# What is required
Only the lines from the one with "The march heading west on Tooley Street" through the final line below belong in the answer, copied exactly and without pictures.

# Input data
BEGIN

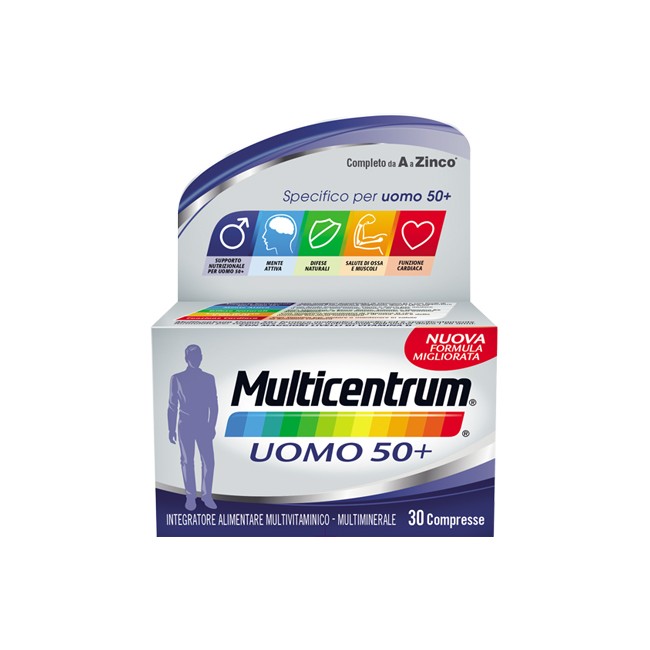 Confezione da 30 compresse di Multicentrum uomo 50+ multivitaminico e multiminerale per uomini sopra i 50 anni Confezione da 30 compresse di Multicentrum uomo 50+ multivitaminico e multiminerale per uomini sopra i 50 anni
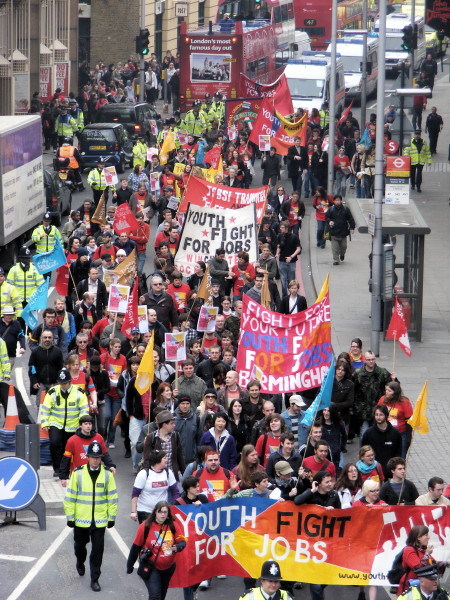 The march heading west on Tooley Street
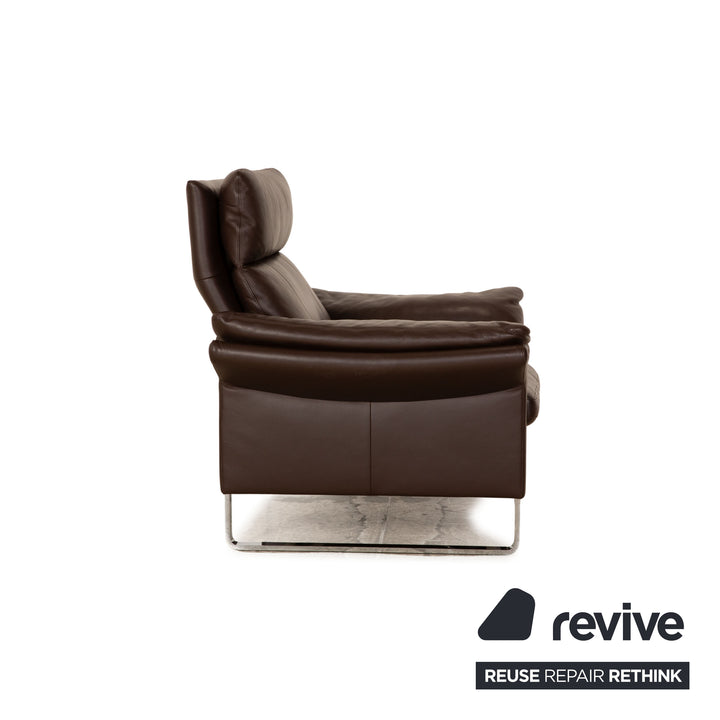 Erpo Lucca Leder Sofa Garnitur Braun 2x Zweisitzer Sessel manuelle Funktion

END

# Result of the task
 The march heading west on Tooley Street
 Erpo Lucca Leder Sofa Garnitur Braun 2x Zweisitzer Sessel manuelle Funktion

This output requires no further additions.